Multiple studies reported strong local response rates with Campana et al. (2022), and Petrelli et al. (2020) reported ORRs of approximately 80% with CRRs of 47-48%, indicating sustained disease control over time [14,21]. Ahmad et al. (2024) observed ORRs up to 100% in selected subgroups, particularly when ECT was combined with immunotherapy. Long-term data from Borgognoni et al. (2020) confirmed that smaller lesions responded better to ECT, with CRR rates exceeding 59% [16,19]. Lyons et al. (2023) achieved CRR and ORRs of 85.7% and 100% using HF-EP, representing a potential refinement of standard ECT technology [18]. Evidence from Campana et al. (2024) confirms that ECT is repeatable, with response rates improving from 63% to 74% after retreatment [15]. These findings collectively underscore ECT’s capacity for durable local control and its applicability across a wide spectrum of melanoma presentations.
Observational data suggest that ET may have immunomodulatory effects that enhance the activity of immune checkpoint inhibitors. Both Ahmad et al. and Campana et al. (2021) reported increased CD8+ T-cell infiltration whilst reducing regulatory T-cell activity within the tumour microenvironment, which helps to potentiate checkpoint inhibitor efficacy and contribute to improved responses [13, 19, 23]. In Campana et al.’s matched cohort study, patients receiving pembrolizumab-ECT therapy achieved significantly higher CRRs and ORRs compared to pembrolizumab monotherapy (48.9% and 77.8%; 31.8% and 38.6%) and superior one-year LPFS and OS (86% vs 51%; 88% vs. 64%) [13]. Long-term survival benefits were further supported by Zdzienicki et al. (2024), who reported that the addition of immunotherapy post-ECT increased the five-year survival from 21% to 47% [17]. These findings suggest that ECT may not only provide effective local tumour control but also enhance survival outcomes when combined with immune checkpoint inhibitors. However, Ahmad et al. noted that CRR rates decreased when the tumour was irradiated before ECT, warranting further investigation to evaluate the relationship between radiotherapy and ECT [19]. Ahmad et al. (2024) also highlighted the potential of calcium chloride electroporation (Ca-EP) to maintain treatment efficacy while avoiding the chemotherapy-associated systemic toxicity [19]. These findings were observed in an RCT comparing the efficacy of Ca-EP with bleomycin-based EC,T which showed a non-significant difference in CRRs and ORRs (p = 0.30 for ORR, p = 0.45 for CRR), with Ca-EP being associated with fewer adverse events [24]. These findings suggest that Ca-EP is a safe and well-tolerated alternative with an improved side effect profile; however, further large-scale trials are needed to validate these results and define optimal electroporation protocols and clinical indications.

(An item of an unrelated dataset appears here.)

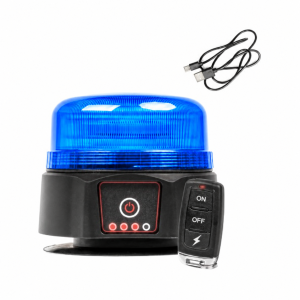 LED bākuguns uz magnēta ar piesūcekni, lādējama, ar vadības pulti (12-24V), R65 (zils stikls)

Several studies also support the technical flexibility of ECT, with Petrelli et al. observing no significant difference in complete response between intravenous and intratumoural bleomycin administration, while tumour size did not significantly modify response [21]. The high CRR observed with HF-EP by Lyons et al., alongside its excellent tolerability, highlights this as a potential advancement in ECT delivery [18]. Moreover, across several studies, ECT was endorsed as a viable option for elderly or comorbid patients due to its safety and minimal systemic toxicity.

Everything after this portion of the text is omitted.